(DATA begins)
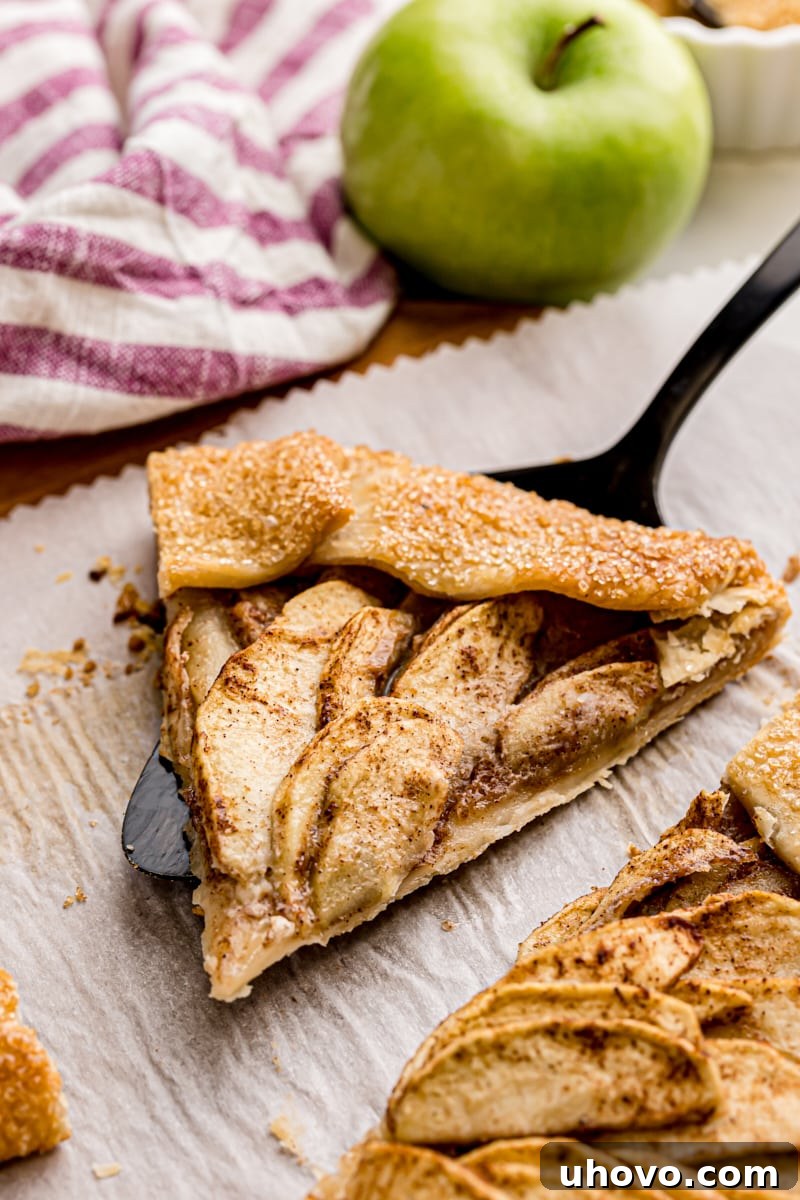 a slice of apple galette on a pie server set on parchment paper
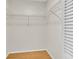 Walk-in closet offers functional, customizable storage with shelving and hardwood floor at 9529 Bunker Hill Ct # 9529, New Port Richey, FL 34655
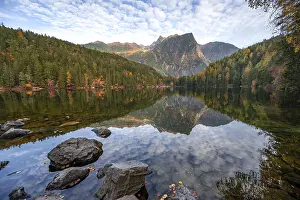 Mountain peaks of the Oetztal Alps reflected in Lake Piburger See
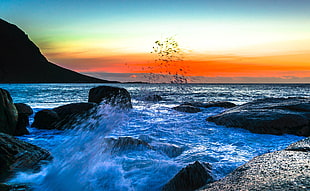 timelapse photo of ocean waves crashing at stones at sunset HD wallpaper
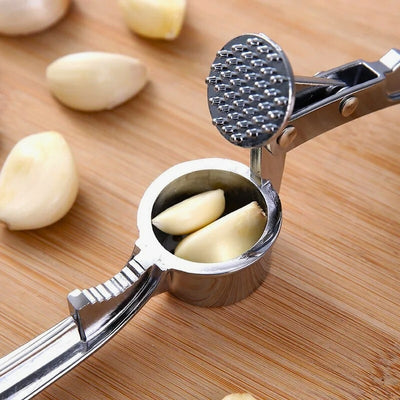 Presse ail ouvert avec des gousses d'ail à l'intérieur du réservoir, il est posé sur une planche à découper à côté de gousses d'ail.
(DATA ends)
What you return must match the entries above exactly, apart from the pictures, which are left out.

 a slice of apple galette on a pie server set on parchment paper
 Walk-in closet offers functional, customizable storage with shelving and hardwood floor at 9529 Bunker Hill Ct # 9529, New Port Richey, FL 34655
 Mountain peaks of the Oetztal Alps reflected in Lake Piburger See
 timelapse photo of ocean waves crashing at stones at sunset HD wallpaper
 Presse ail ouvert avec des gousses d'ail à l'intérieur du réservoir, il est posé sur une planche à découper à côté de gousses d'ail.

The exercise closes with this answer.